─── ENTRIES SUPPLIED ───
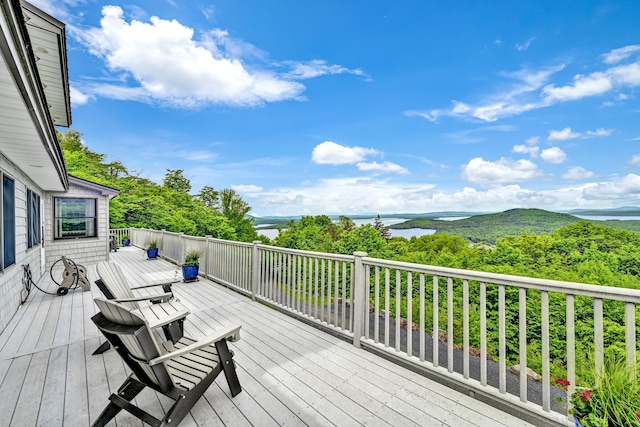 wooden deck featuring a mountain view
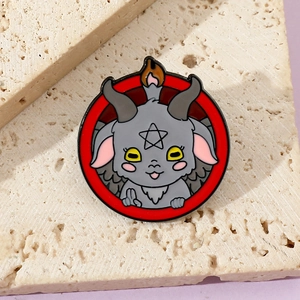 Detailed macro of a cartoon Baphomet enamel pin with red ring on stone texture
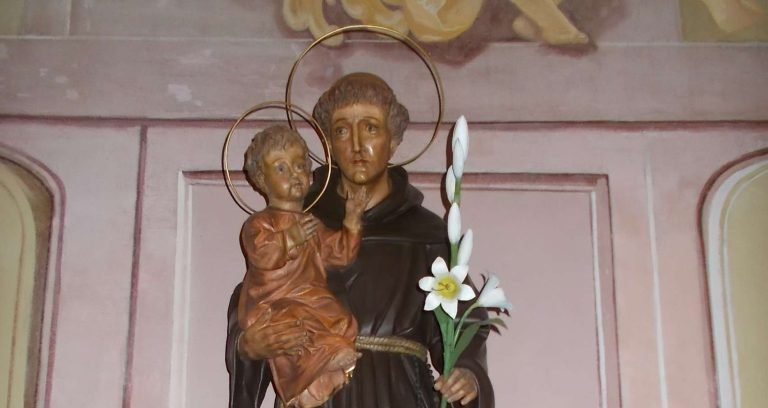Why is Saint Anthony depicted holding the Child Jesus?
───
─── ENTRIES SUPPLIED ───
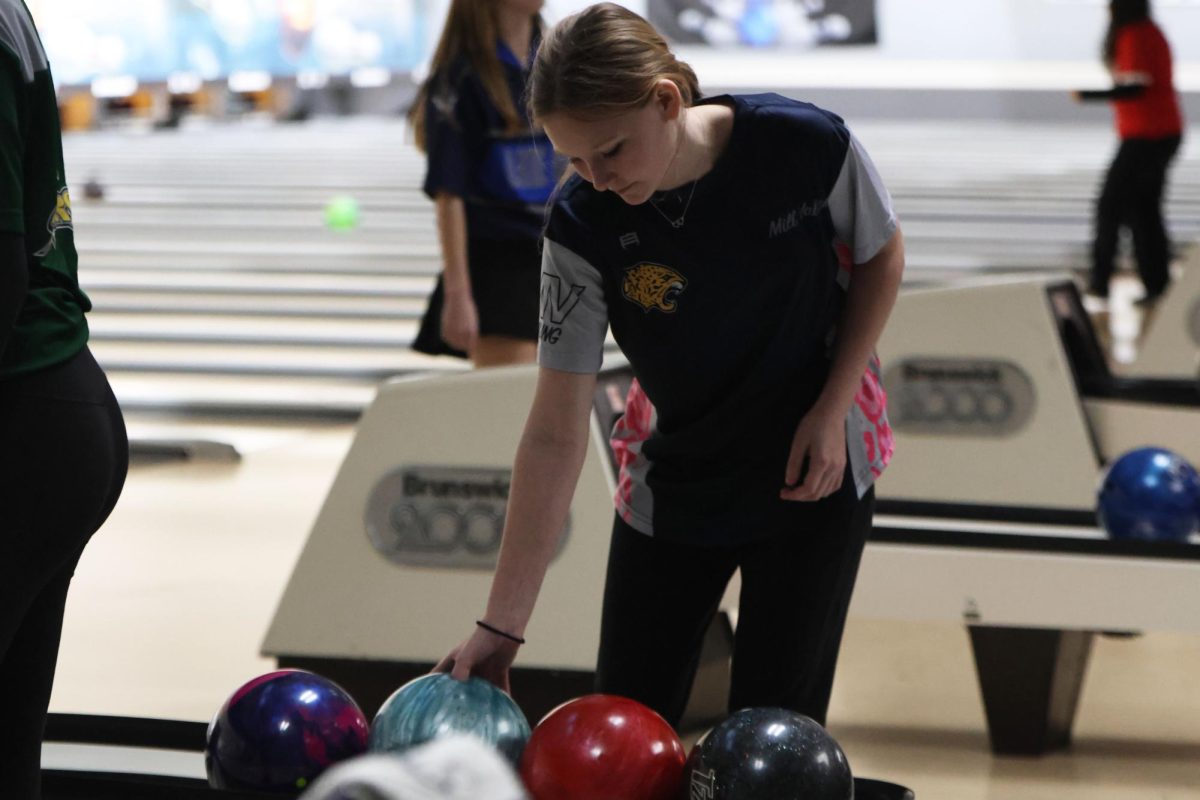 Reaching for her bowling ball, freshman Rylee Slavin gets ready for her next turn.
───
The answer is the lines above from the one with "wooden deck featuring a mountain view" to the one with "Why is Saint", set down exactly, with no pictures.

 wooden deck featuring a mountain view
 Detailed macro of a cartoon Baphomet enamel pin with red ring on stone texture
Why is Saint Anthony depicted holding the Child Jesus?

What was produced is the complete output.